Proton-Lead Power
Posted: Tue 07 Jan 2014, 00:15:50
Just to be clear nobody has built one for power generation at this time in history, however the basic systems had been used since the 1930's and the technology is well understood. The issue is mostly the same as the issue for Fusion reactors, we know this works but building one that generates more power than it consumes has not been done yet and sadly nobody is working on one today either.
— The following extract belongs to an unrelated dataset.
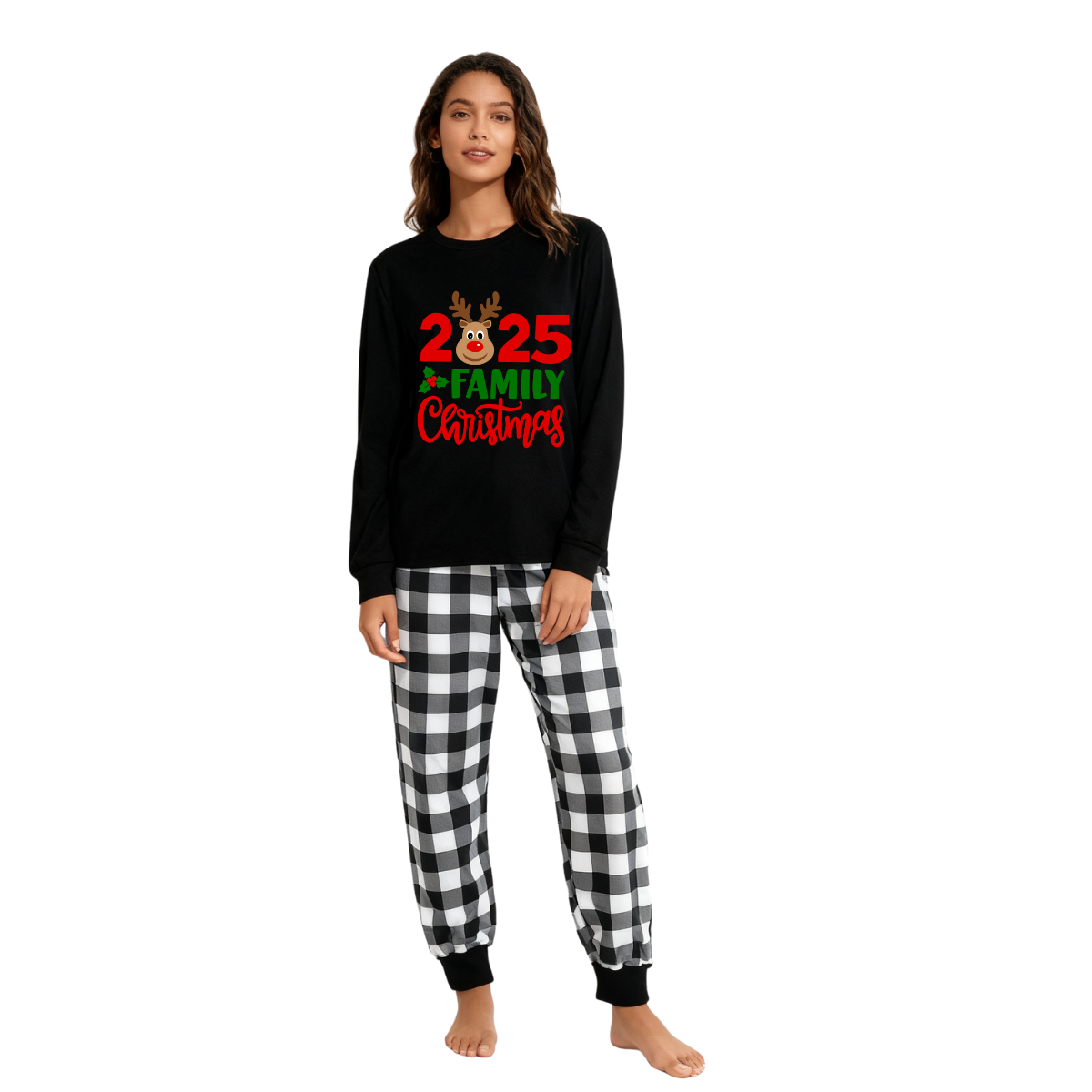 WW | "2025 Family Christmas" Elk Letter Print Black Long-Sleeve Top & Black-and-White Plaid Pants Family Matching Pajamas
Testing done by physicists in the 1920's and 1930's demonstrated that if you hit an atom hard enough you can smash it into bits, which is where the concept of high energy physics being centered around "atom smashers" comes from. They also learned even way back then that atoms centered around Nickle and Iron are the most naturally tightly bound nuclei, Iron 56 and Nickle 62 specifically have the highest binding energy per atom. That means any fusion process that leads to the Iron or Nickle atoms produces energy and also any atom bigger than Iron or Nickle that gets smashed where one of the pieces is close to this mass also releases energy. When unstable atoms like the Actinides gets hit with a proton or neutron with enough energy it will fission, that is how a nuclear reactor works. As a ball park rule the isotopes we call fissionable meaning Uranium 233, U-235, Plutonium 239, Pu-241 are all so delicately balanced that it doesn't take any outside energy from the neutron to cause them to fission. If you use an atom smasher firing protons they have to have enough velocity expressed as electron Volts to overcome the positive charge of the target , but that is all the energy they need. As soon as they come into contact most of the atoms of those four isotopes will fission.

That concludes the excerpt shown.